5 Tips to Choosing the Right Nail
Nails have been around for ages. The Romans forged them by hand. The same was the case in early America when nails had to be hammered out before they could be hammered in. An experienced craftsman could forge upward of two thousand wrought nails a day, according to Peter Ross, master blacksmith of Colonial Williamsburg.
After the American Revolution there were machines that cut nails from thick metal sheets, producing as many as a thousand an hour. Thomas Jefferson owned one, and convicts used the machines to make nails in prison.
Nails became cheaper in the 1850s, when new machines began making the kind we use today out of great spools of steel wire, both round and square. These machines can now size, cut and head up to 2,000 nails a minute.
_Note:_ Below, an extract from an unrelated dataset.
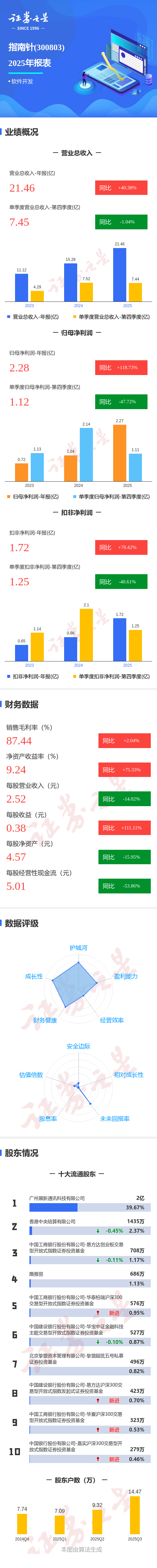 金徽酒（603919）2026年一季报简析：净利润同比下降12.51%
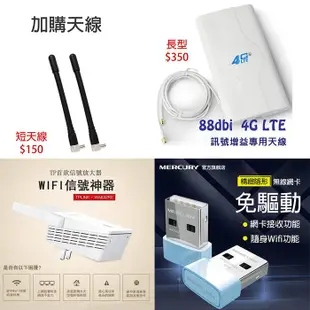 B818-263&B628-350 4G SIM卡Wifi分享器無線行動網卡路由器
Nails were not always made of metal. Some, called tree nails, were made of wood. Split into rough dowels, the tree nails were forced through undersized holes in the timbers they were to join. Their “farther ends” then were split and expanded with a wedge of wood. Tree nails often were used for early boat and house frame construction. Some of the early colonial “pegged” homes and barns are still standing. Our dad boasted that the home that he grew up in didn’t have a single metal nail. Built in Princess Anne, Maryland in 1852, the home is a local landmark.
Although construction screws and adhesives have an increasing share of the market, nails are still the most frequently used means of fastening anything to wood. When a nail is driven through a piece of wood (not with the grain), it cuts through the fibers that form the grain and pushes them aside. When pressure is applied to pull the nail out, the fibers tend to jam against the sides of the nail and lock it in place. This is why wood has no holding power when a nail is driven into the end of the grain. Different woods have varying holding powers. Very hard woods do not hold nails well because the wood tends to split. When nailing woods such as oak and hickory, it is best to drill pilot holes for the nails, or not use nails at all, but screws instead.
- Choosing the right nail for the job can make a big difference in hold power and appearance. Common practice calls for driving the nail through the thinner board into the thicker board. For maximum holding power, the length of the nail should be such that it passes almost, but not quite, through the thicker board. Thus, to fasten a 7/8-inch board to a 2 5/8-inch board, a 12-penny (12d) nail, that is 3 inches long, would be ideal.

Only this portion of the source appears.